**Input data:**
________

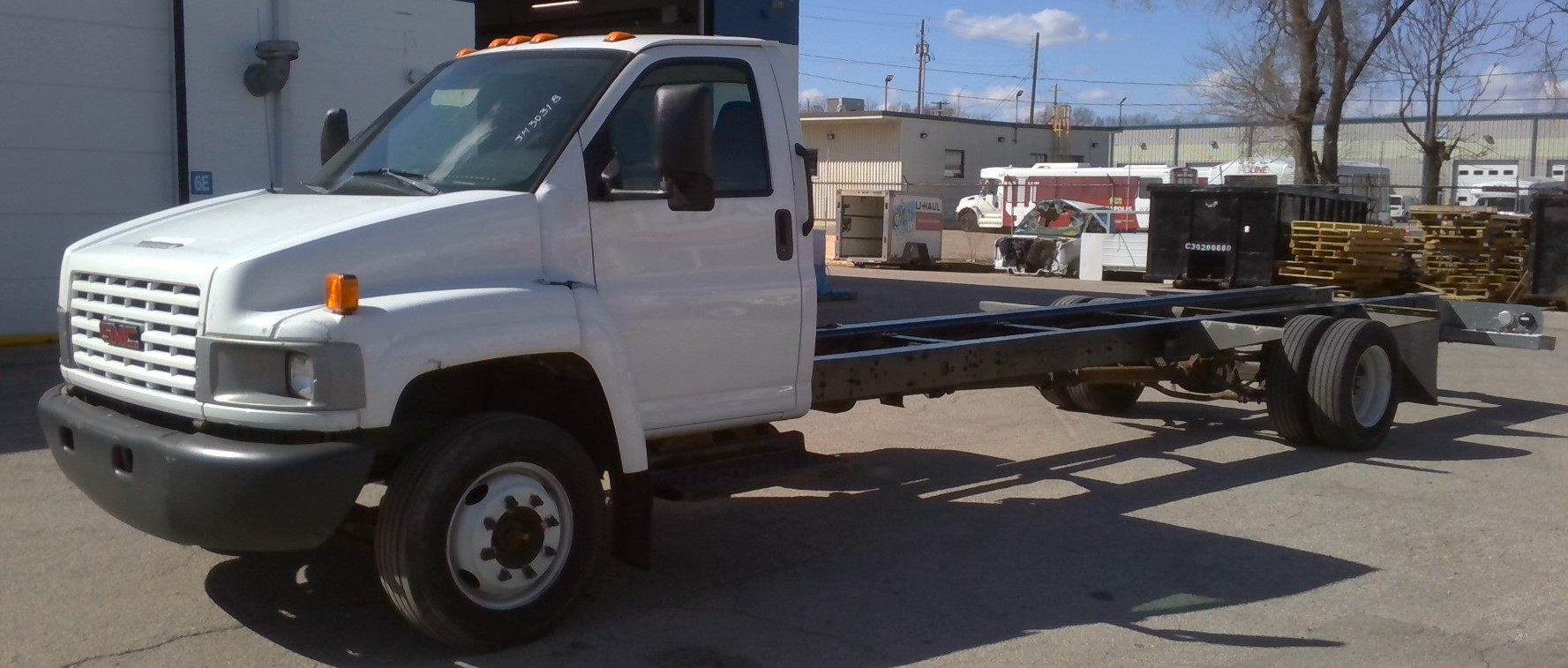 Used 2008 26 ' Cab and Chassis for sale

________

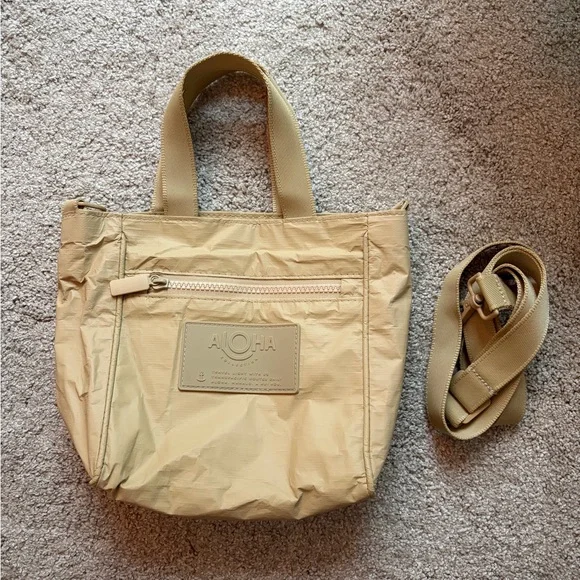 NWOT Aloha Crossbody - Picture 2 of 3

________

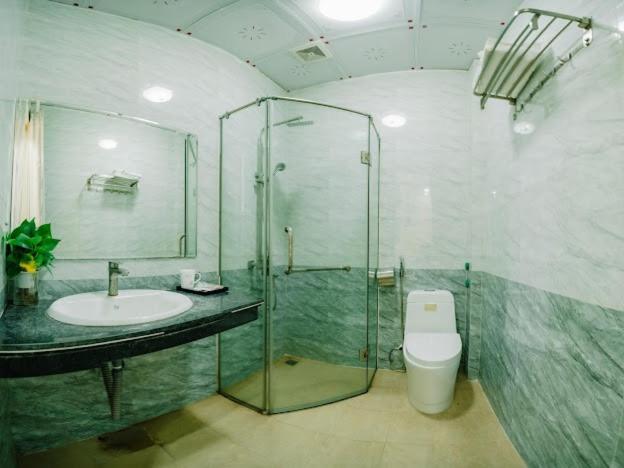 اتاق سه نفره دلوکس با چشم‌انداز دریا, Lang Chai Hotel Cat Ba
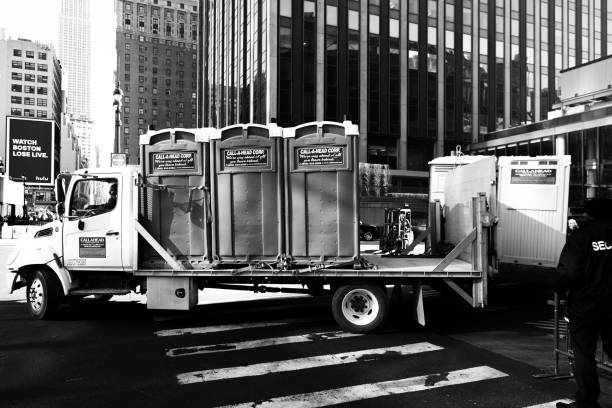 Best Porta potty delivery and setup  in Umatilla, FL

________

**Aim of the exercise:**
From the listing above, restate verbatim the lines running from the one with "اتاق سه نفره" through the one with "Best Porta potty", inclusive, but not the pictures.

**Answer below:**
 اتاق سه نفره دلوکس با چشم‌انداز دریا, Lang Chai Hotel Cat Ba
 Best Porta potty delivery and setup  in Umatilla, FL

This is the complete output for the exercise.